Only three of the decaying 1960s towers on the Holloway estate remain, with the last long-suffering tenants due to be rehoused in new blocks by the end of January.
 

The area's notable past will live on through the clocktower and new street names such as Drovers Way, but the Market Estate name will be ditched - to the delight of residents.


 





Sharon Jobe, chairwoman of the Market Estate Tenants' and Residents' Association (Metra), said: "We wanted rid of the name because this place was a hellhole. Christopher Pullen died aged 12 when a door fell on him and we lived in terror for years with all the problems. When you'd tell people where you lived, they'd say 'oh God, do you?'

"I'm convinced I didn't get a job with Islington Council because of the estate's reputation. I went to the interview and every-thing was going well until I said where lived. That was almost 20 years ago. We don't want to live with that stigma anymore."

The estate is being demolished and rebuilt in a street pattern by Southern Housing, with every Market Estate tenant getting a new home. Last week Southern began showing potential buyers around some of the 61 flats for sale under the temporary name Parkside Place, but eventually new street names will be all that are used.

"There will be Jim Veal Drive, after the chairman of Metra who died before he saw the estate come down, and Christopher Pullen Way," said Ms Jobe. "The history will never die but we want to move on.

"Even now we still get the kids coming down from other estates because they know they can get into the three blocks that are still standing.

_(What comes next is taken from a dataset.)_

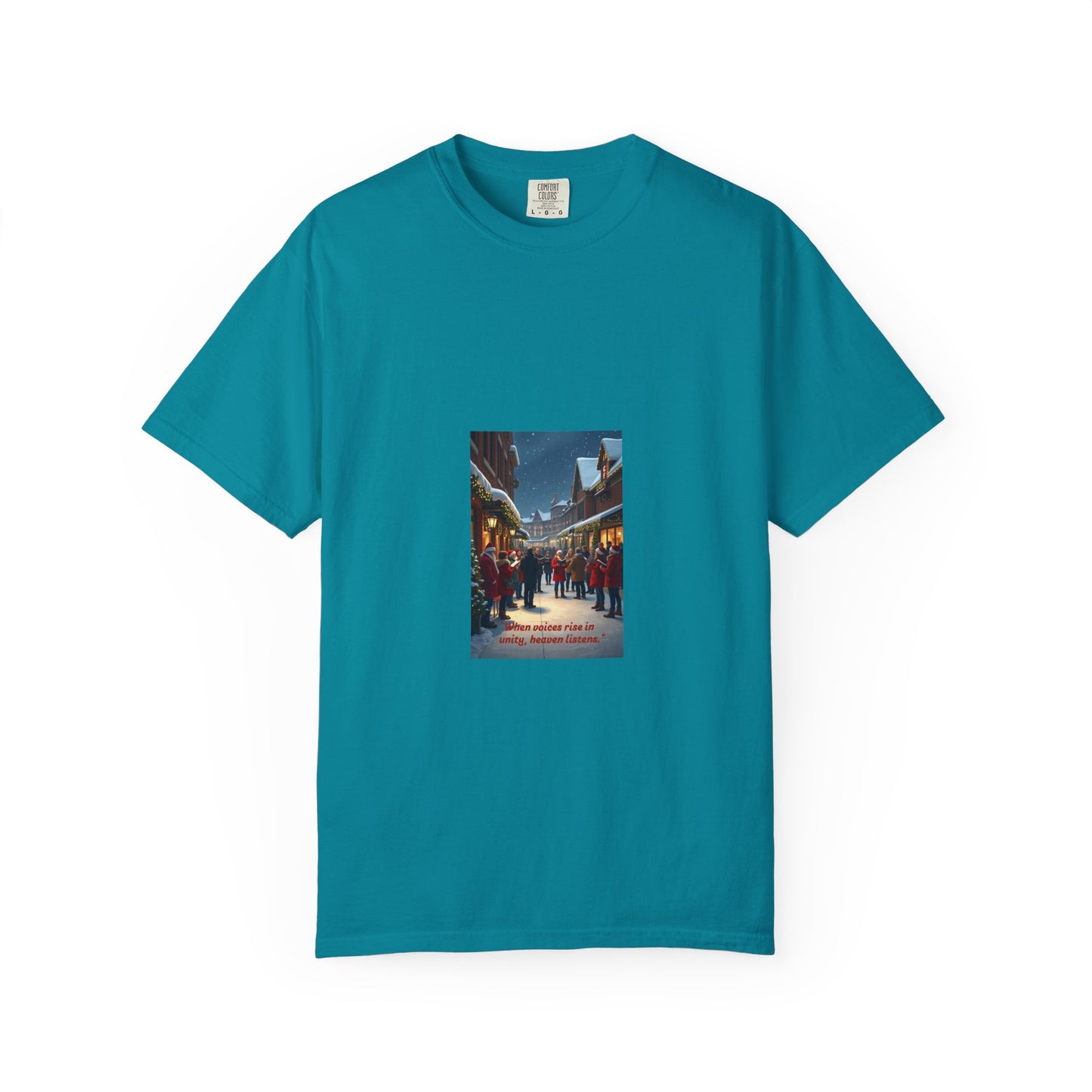 Cozy Winter Scene T-Shirt - Holiday Gift, Casual Wear, Layering Piece, Unisex Tee, Festive Fashion88a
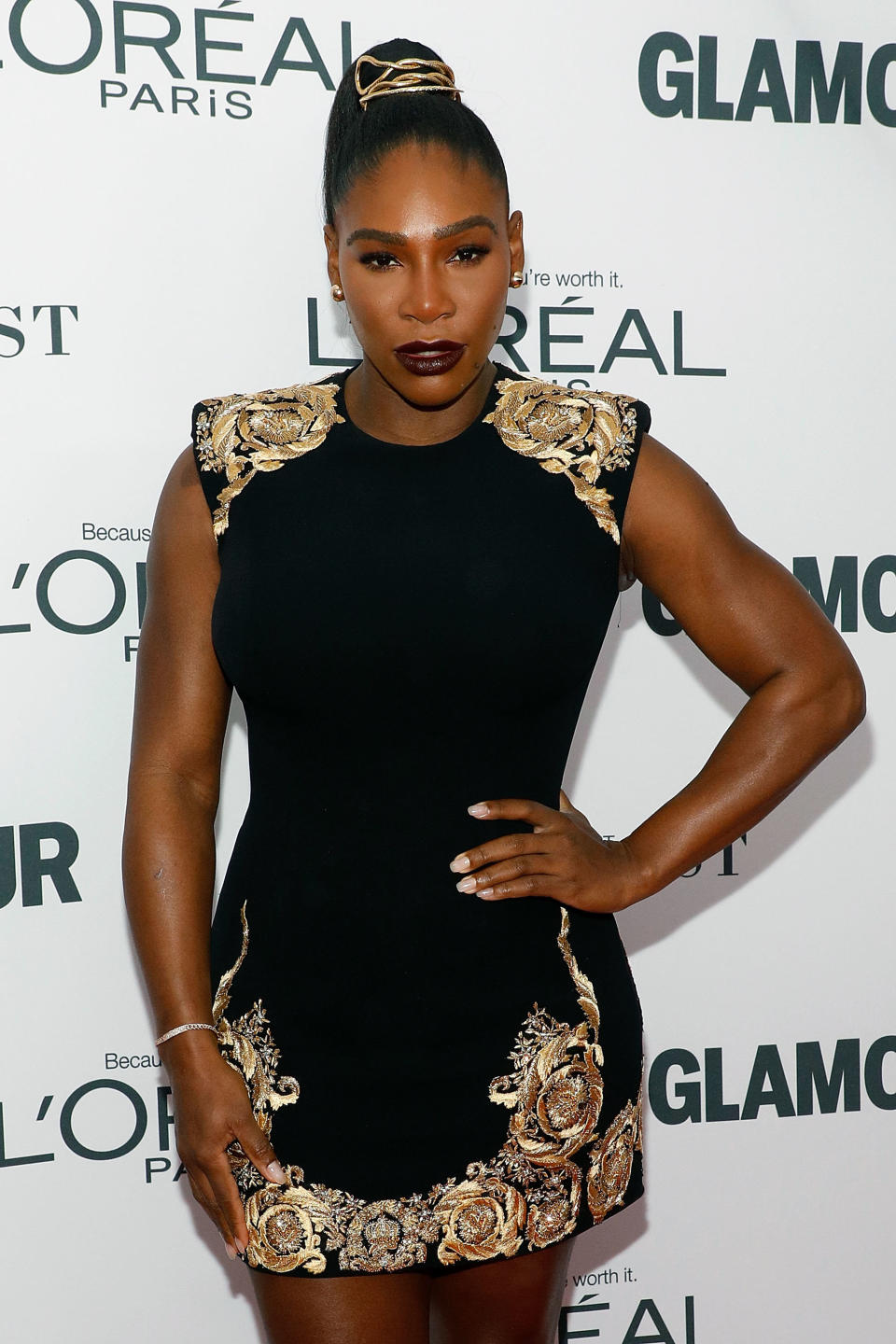 Serena Williams appears at&nbsp;the 2017 Glamour Women of the Year Awards on Nov. 13 in New York City. (Photo: Taylor Hill/FilmMagic via Getty Images)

They hang around in the corridors making noise and when they broke into one of the empty flats in the Clocktower block the caretakers found 16 of them in there.

"The old blocks are supposed to come down by next summer and we can't wait."

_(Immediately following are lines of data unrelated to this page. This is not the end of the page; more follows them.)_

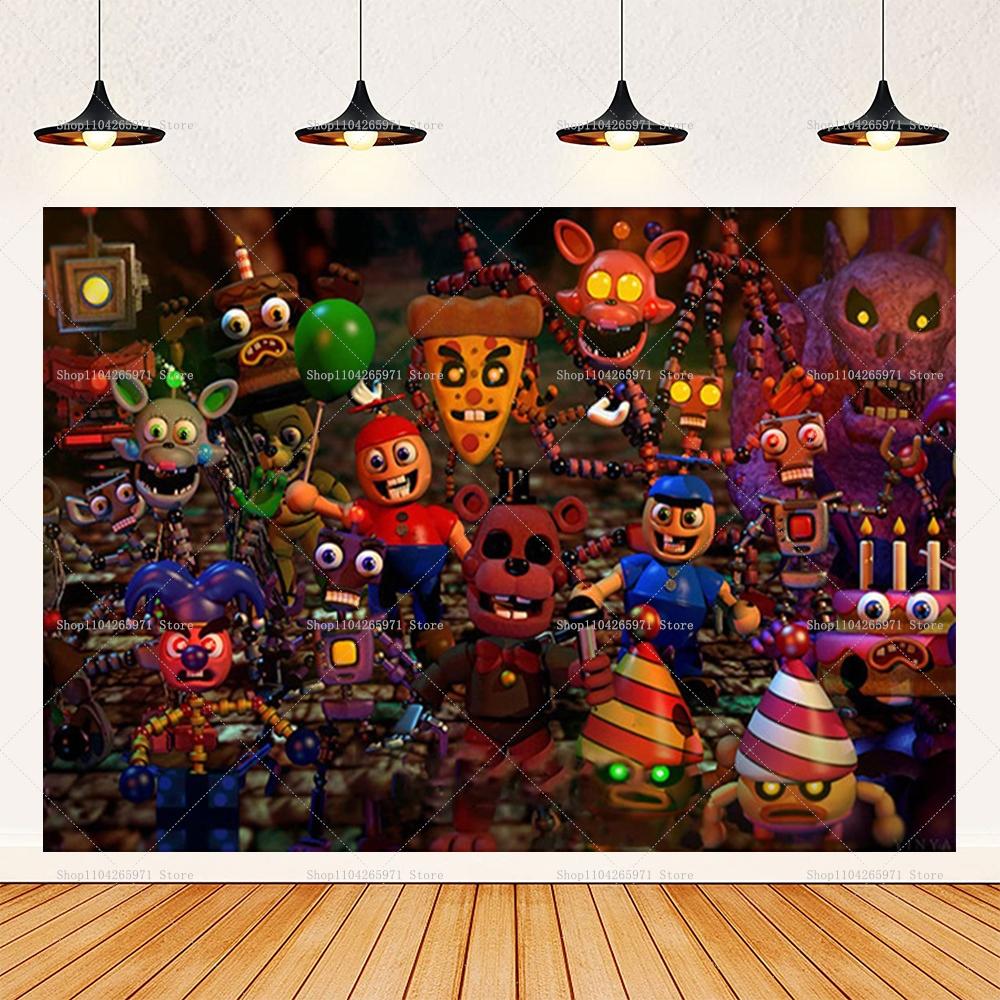 Children's Party Photo Fund with Theme Five Nights At Freddy's, Children's Party Decoration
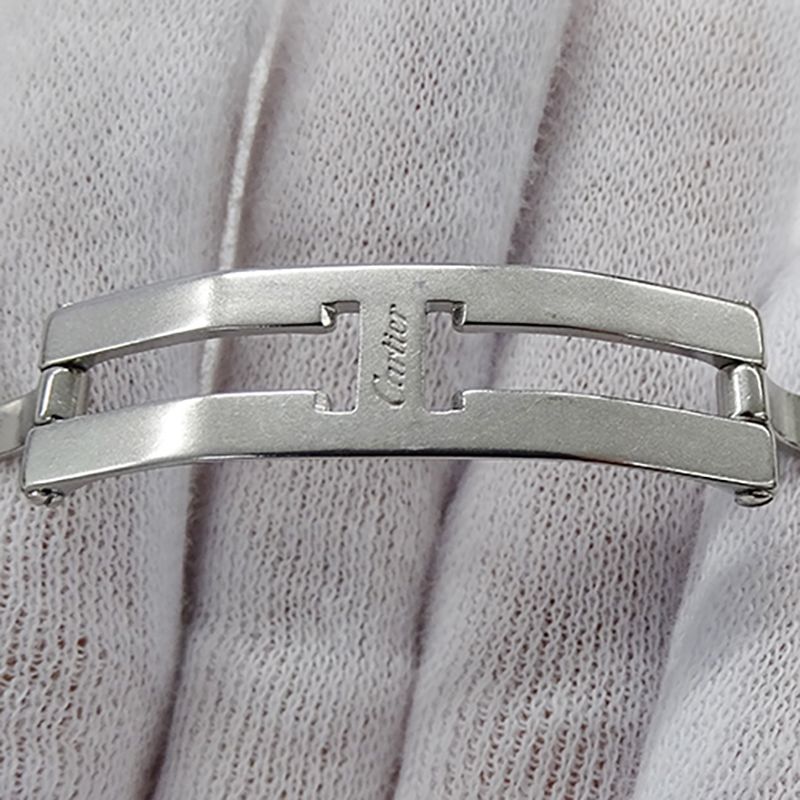 Cartier パシャC ビックデイト W31055M7 自動巻き時計 シルバー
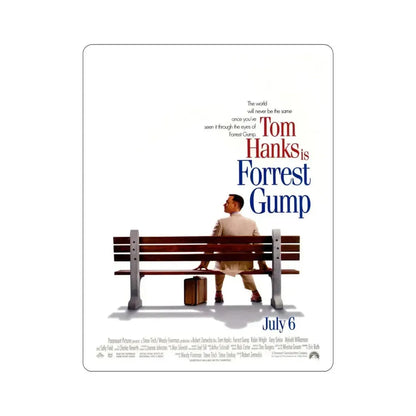 Forrest Gump 1994 Movie Poster STICKER Vinyl Die-Cut Decal 5 Inch - The Sticker Space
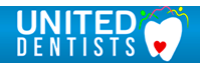 United Dentists Abbotsford logo featuring a white tooth with red heart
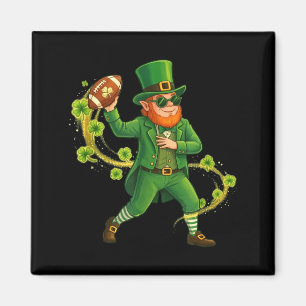 Imán Día de San Patricio fútbol duende día de San Patri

Stephen Ross, Southern Housing's project director for the Market Estate, said: "The Market Estate name is going to fade away. The residents were fed up of the stigma and told us they wanted to live on an anonymous street in Islington.

"The history of the market still lives on through the clocktower and the railings and the signs in Cally Park refer to it. There's a plaque to mark the spot where 100,000 people attended a rally in support of the Tolpuddle Martyrs, which we unveiled this year on the 175th anniversary, and there's another spot to mark Copenhagen House, which was the London home of the Danish Ambassador.

"We also hope that one day the park will be home to a café and a education centre for kids to learn about the history of the area, which was the final stop off point outside the city wall for famers coming to London to sell their cattle at Smithfield.